Patients and methods

Study setting

This study was conducted in the intensive care unit (ICU) and internal medicine (IM) ward of the Douala General hospital (DGH). This is the main tertiary reference hospital of the country and a teaching hospital with 320 beds located in the littoral region of Cameroon with approximately three million inhabitants. The hospital has the only public hemodialysis center of the region and therefore the referral hospital for patients with kidney disease. It has a central laboratory for all inpatient and outpatient samples.

Study design

This was an observational prospective study including all patients admitted in the two units from January 2015 to June 2016 (18 months). For each consenting patient, serum creatinine assay was done on admission, days 2 and 7 to diagnose AKI. For patients with AKI, serum creatinine assay was repeated on discharge, days 30, 60 and 90. Creatinine was measured using the Jaffe kinetic method with a spectrophotometer (BIOMERIEUX®, FRANCE) throughout the study period.

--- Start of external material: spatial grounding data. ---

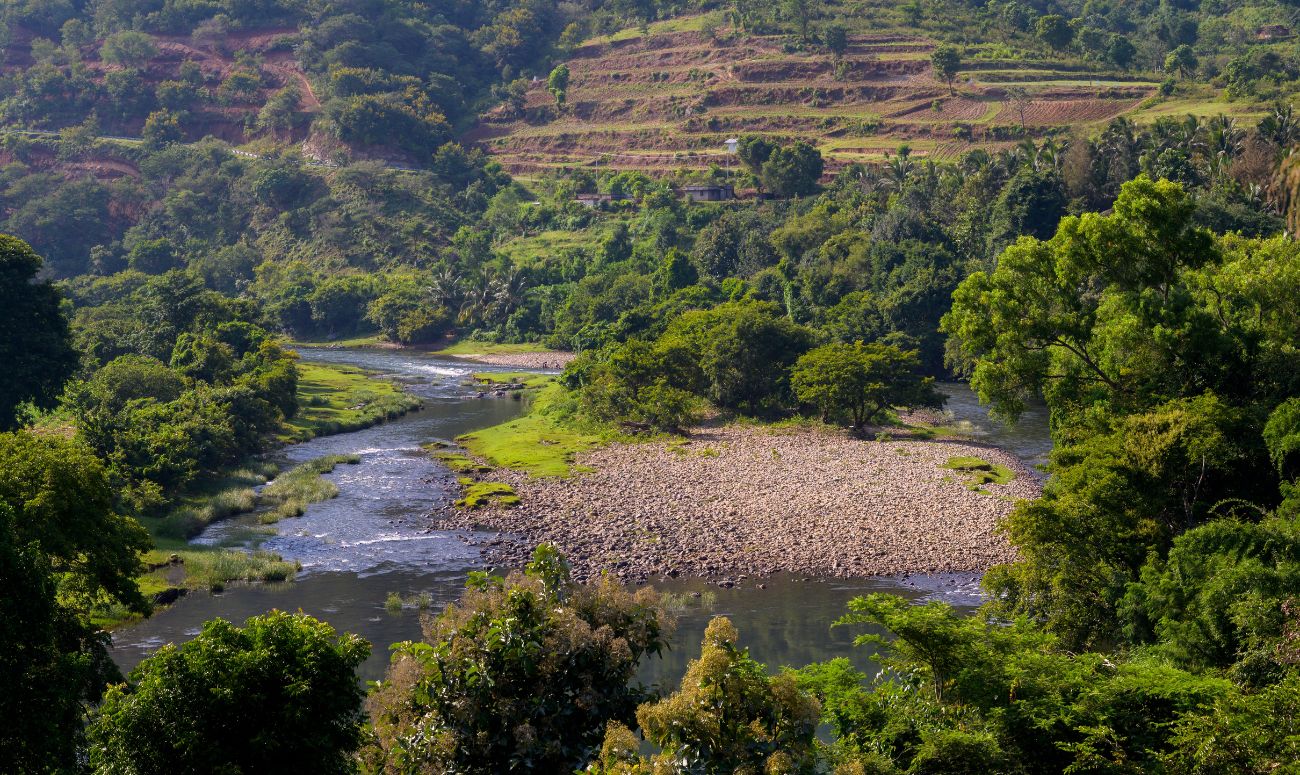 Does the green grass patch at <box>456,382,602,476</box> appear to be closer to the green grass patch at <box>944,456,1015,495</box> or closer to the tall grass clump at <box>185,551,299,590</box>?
the tall grass clump at <box>185,551,299,590</box>

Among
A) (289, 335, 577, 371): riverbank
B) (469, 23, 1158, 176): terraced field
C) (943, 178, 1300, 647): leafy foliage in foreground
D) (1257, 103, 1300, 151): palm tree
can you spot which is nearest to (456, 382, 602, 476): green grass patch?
(943, 178, 1300, 647): leafy foliage in foreground

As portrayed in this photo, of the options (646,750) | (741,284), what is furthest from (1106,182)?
(646,750)

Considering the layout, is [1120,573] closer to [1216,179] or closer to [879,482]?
[879,482]

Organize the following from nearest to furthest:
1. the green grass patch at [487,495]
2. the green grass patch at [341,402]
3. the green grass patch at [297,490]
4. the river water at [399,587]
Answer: the river water at [399,587] → the green grass patch at [297,490] → the green grass patch at [487,495] → the green grass patch at [341,402]

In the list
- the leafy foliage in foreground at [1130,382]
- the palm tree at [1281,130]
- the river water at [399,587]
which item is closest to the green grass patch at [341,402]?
the river water at [399,587]

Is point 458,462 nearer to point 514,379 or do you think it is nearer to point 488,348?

Other variables collected were: socio demographic information such as age and gender; clinical data including co morbidities, primary diagnosis, signs and symptoms, of AKI, length of hospital stay and outcomes. Outcomes measures were the need of dialysis, renal recovery and patient mortality.

Definition of operational terms

AKI was defined according to the modified KDIGO 2012 criteria [22] as an increase or decrease in serum creatinine of 0.3 mg/dl or greater, or an increase of 50% or more from the reference value obtained at admission or the known baseline value. AKI severity was graded using KDIGO 2012 criteria [23]. Sepsis was defined as the presence a systemic inflammatory response (fever >38 °C, high white cell count at presentation) an increased C-reactive protein level due to suspected or proven infection (by positive culture or tissue stain) caused by any pathogen or a clinical syndrome associated with a high probability of infection [24]. AKI was community-acquired if patients first presented to the hospital with AKI. Renal recovery was defined as complete if serum creatinine between the first 90 days was equal to or lower than baseline or reference value. Renal recovery was partial if serum creatinine was lower than diagnosis value but not to baseline or reference, and no-recovery if serum creatinine did not decrease or if the patient remained on dialysis.

The diagnosis of acute tubular necrosis was done based on medical history, presence of risk factors, urine indices when available and recovery with a polyuric phase. While for pre-renal AKI medical history, the presence of risk factors, urea/creatinine ratio >20 in the absence of confounders and urine indices when available were used. Obstructive AKI was diagnosed based on history of acute oliguria or anuria and presence of dilatation of urinary tract on ultrasound.

Nephrotoxic AKI was diagnosed based on a history of ingestion of known nephrotoxic drug(s) (NSAID, Angiotensin converting system inhibitors, Cisplatine, Aminoside, Iodine contrast) or an herbal concoction.

Hypertension was considered in any patients on blood pressure lowering medication or blood pressure greater than 140/90 mmHg, while hypotension was blood pressure less than 90/60 mmHg.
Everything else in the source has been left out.